3. Physics and Chemistry of the Hypocenter Preparation and Earthquake Prediction

The earthquake preparation includes a number of processes having different rates. Only the electromagnetic waves approach Earth’s surface immediately. This difference in the rates allows us to use them as a reliable earthquake precursor. A possible solution of this problem is proposed herein based on the analysis of the physicochemical processes as participants in earthquake preparation and on the characteristic rate of reflection of these processes on the Earth’s surface. This solution provides a way of selecting a complex of reliable earthquake precursors using the Inverse Problem Method for earthquakes which will occur in the region around the monitoring point (radial distance ≈ 700 km) in the next seven day period.

N.N. Semenov declared already in 1956 in his Nobel Prize lecture titled “Some problems relating to chain reactions and to the theory of combustion” that the trains of chemical explosions are chemical branched chain-reactions [10] . This declaration is supported by a comparison of seismograms from earthquakes and nuclear explosions where the complexity of natural events (earthquakes) is higher than that of artificial events (explosions). Micro- or macro-foreshocks are forerunners of the major shock. Natural earthquakes are more complex than nuclear explosions and at teleseismic distances the difference between them is clear. This difference is observed very clearly in the relationship of solids to surface-wave amplitudes [11] . The nuclear weapons test is just a point explosion, whereas earthquake is the superposition of the totality of explosions which are distributed in space and time.

Prerequisites for the chemical explosions are the critical concentrations of reactants and their ratio which depends on PT conditions [10] [12] [13] . The critical concentration of the reactants and critical size of the explosive substances cluster is the first necessary condition of the local explosion [14] .

The possibility of explosion propagation (or detonation) to other clusters depends on the distance between clusters or on the cluster volume concentration. The critical or more than critical concentration of ready to detonate volume of explosive substances clusters is the second condition of earthquake. Too large a distance between clusters limits the propagation of detonation possibility due to the possibility of absorption of the local explosion’s energy by surrounding matter. This absorption causes local heating of matter and the formation of the chemically active substances [15] .

Relatively small concentrations of explosive clusters before an earthquake produce foreshocks, which is preparation for an earthquake’s major shock. “Combustion” of most of the clusters during the earthquake process decreases their concentration and generates aftershocks, (which take part in the rising hypocenter) and cause the relaxation of the surrounding matter.

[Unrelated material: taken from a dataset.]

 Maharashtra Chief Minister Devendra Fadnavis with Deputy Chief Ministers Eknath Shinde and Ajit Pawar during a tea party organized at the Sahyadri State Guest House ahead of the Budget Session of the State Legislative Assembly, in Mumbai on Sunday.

Formation and accumulation of the explosive substances cluster, and preparation of the earthquake, is a totality of process. A hypocenter is an open thermodynamic system which uses all the possible degrees of freedom. This system is non-linear due to a principally different rate of separate processes including diffusion and filtration of molten matter through porous rock and cracks, heating and cooling, and stress and strain flow. An earthquake may be described as a bifurcation which returns part of the mantle-lithospere system to their main trajectory of development and corresponds to minimal internal free energy of the system and maximal rate of entropy production in the macrosystem. The following possible reactants participate in an earthquake explosion: hydrogen - oxygen; hydrogen - halogens; hydrogen - sulfur; alkanes (methane, etc.) - oxygen; alkanes - halogens; alkanes - nitrates, etc.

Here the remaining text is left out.